Postscript. Please accept my apology --- most likely there is no such theorem, otherwise the reference would be already founded.
 A: Usually the strategy-stealing argument would go: suppose Black has a winning strategy. Then White can make an arbitrary first move, and then follow Black's winning strategy (with the adjustment that White makes an arbitrary move if the move White is suppose to make has already been played as a result of a previous arbitrary move).
However, this argument only works for games where playing an arbitrary move does not hurt you; this is not the case with chess, where zugzwang exists. So, the strategy-stealing argument does not go through.
It is mentioned in the answers to If there is a winning strategy, is it for White? that a proof of "White has a guaranteed draw or better" does not exist, and if it does, would be very difficult to find.

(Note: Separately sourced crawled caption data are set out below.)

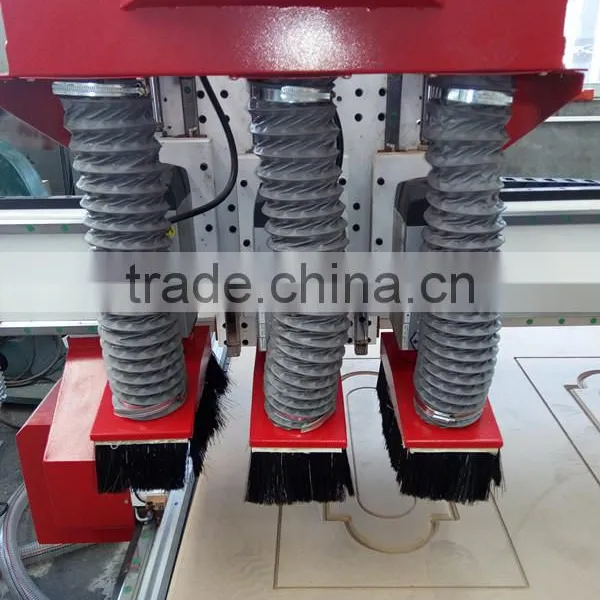 China Jinan Professional Manufacture High Quality With CE XJ1325 Furniture Making Cnc Router Machine Price photo-4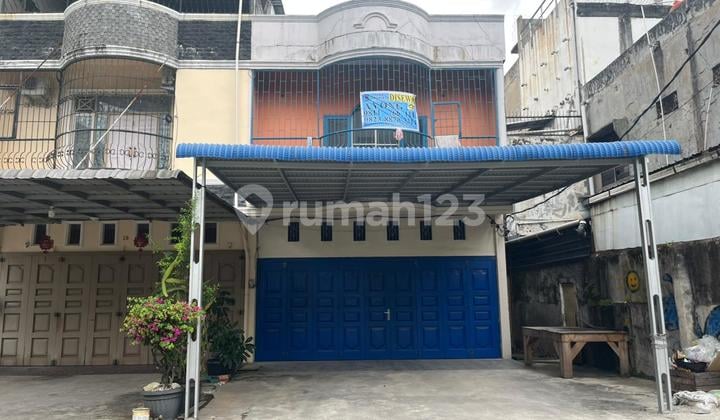 Disewa Ruko 2 Lantai di Jl. Jendral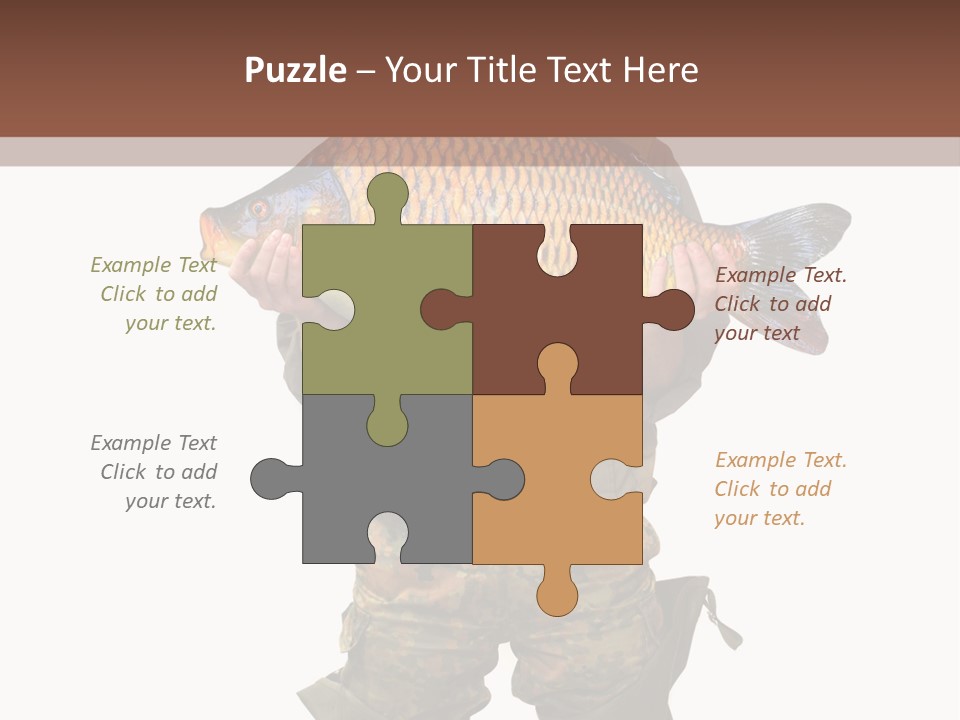 Fun Harvest Season PowerPoint Template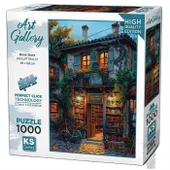 KS GAMES PUZZLE 1000 PARCA BOOK STORE 20790 - 1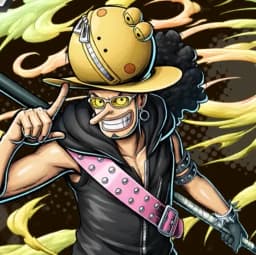 FILM RED Usopp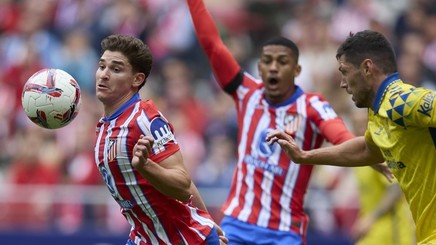 Care este starea lui Alvarez, după ce s-a rupt cu Arsenal! Anunţul spaniolilor

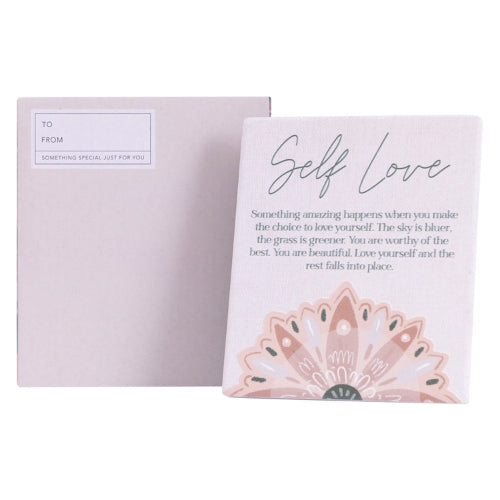 Amber Garden Verse - Self Love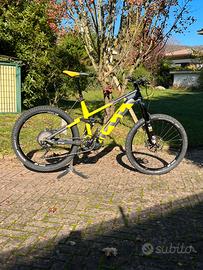 Husqvarna e - mtb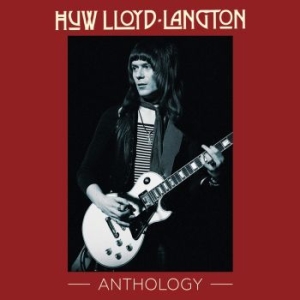 Lloyd Langton Huw - Anthology i gruppen CD / Pop-Rock hos Bengans Skivbutik AB (3866075)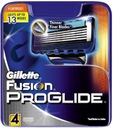 Gillette Fusion Proglide nożyki wkłady 4szt Boston Kod producenta 047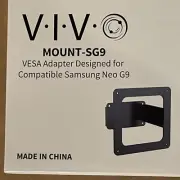 VIVO VESA Samsung Neo Adapter Plate Bracket G9 And More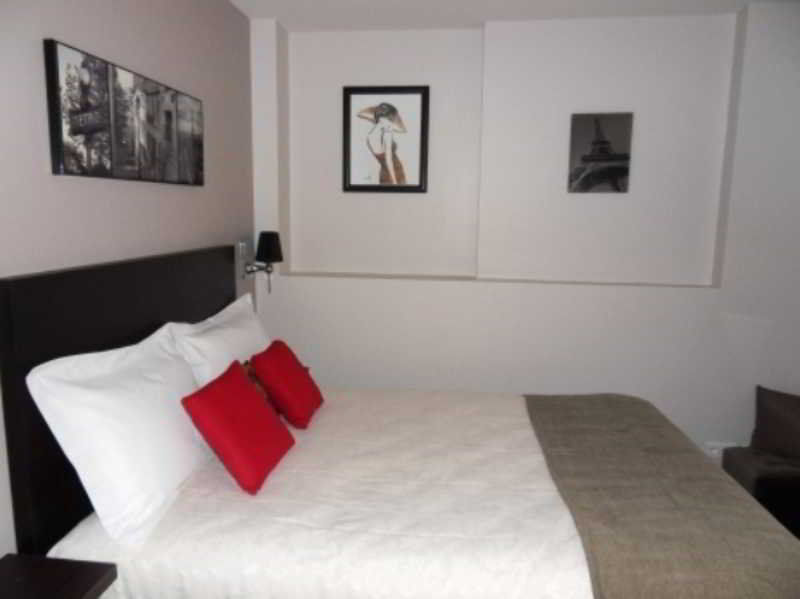 Hotel Le Figuier Ivry-sur-Seine Exteriér fotografie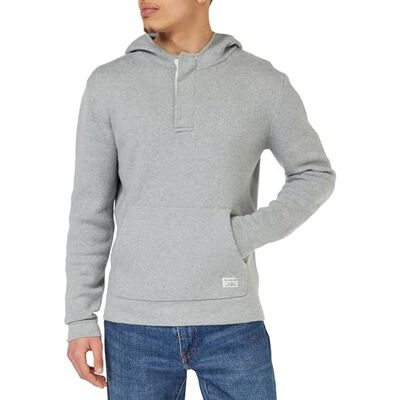 PM702406 Pepe Jeans Sweter męski Maurice, Szary (szary Marl), S PM702406 Pepe Jeans Sweter męski Maurice, Szary (szary Marl), S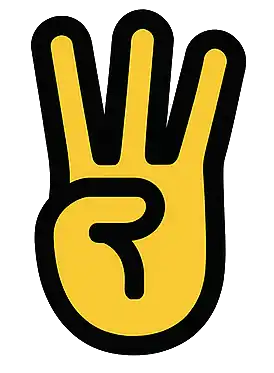 icono mano indicando paso 3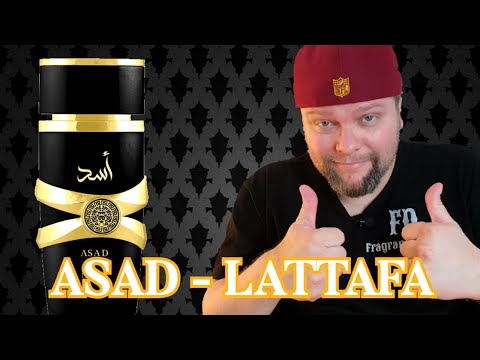 ASAD - Lattafa | Dior Elixir can pack up? | Fragrance Dawg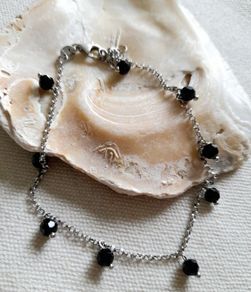Sterling silver bracelet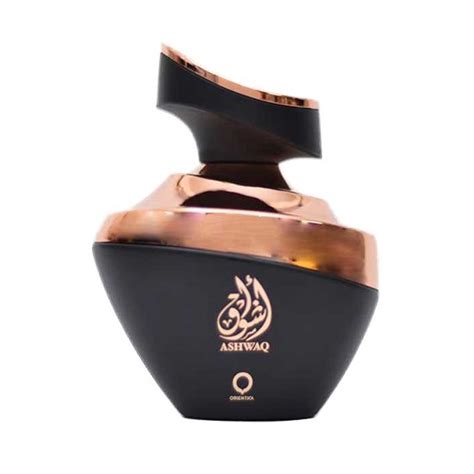 Ashwaq Noir Orientica Eau De Parfum Pour Femme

A: I think the real essence of the question is not so much in whether zugzwang exists in chess, but whether it exists in the first few (say 5) moves, and whether in that time white can effectively lose a move. I feel like the tree diagram for this shouldn't actually be that deep, if it's done in some clever way. You shouldn't have to do the whole game tree.
I'm thinking something along the lines of (assuming black can win), if the winning response to 1. e4 is e5, then the response to 1. e3 cannot also be e5, because then 2. e4 strategy steals. If you can piece together enough of those, perhaps you can prove that white can always strategy steal.
A: The type of strategy-stealing in chomp (mentioned by the OP in a comment) is exactly the one which could, in principle, be applied to chess: you don't want to neglect the first move because "it won't hurt", you actually aim at "reabsorbing" it so as to make W play exactly the same winning positions you are assuming B has at his disposal.
But, as it was said in the answer by ckefa, this, even if possible, would be very difficult. However the converse direction seems perhaps more tractable: is it possible to show that, if a winning strategy for B exists, it is not possible to steal it with W in the above-mentioned sense? For instance: if copying W moves as far as possible (e.g. 1. e4 e5 2. Nf3 Nf6 3. Nc3 Nc6 4.Be2 Be7 5. d4 d5 ecc... ) is the beginning of a winning strategy for B, it's plausible that it cannot be stolen by W.
(Of course this is of scarce practical relevance, because it seems so unlikely that B wins...but maybe it could be interesting for more abstract reasons).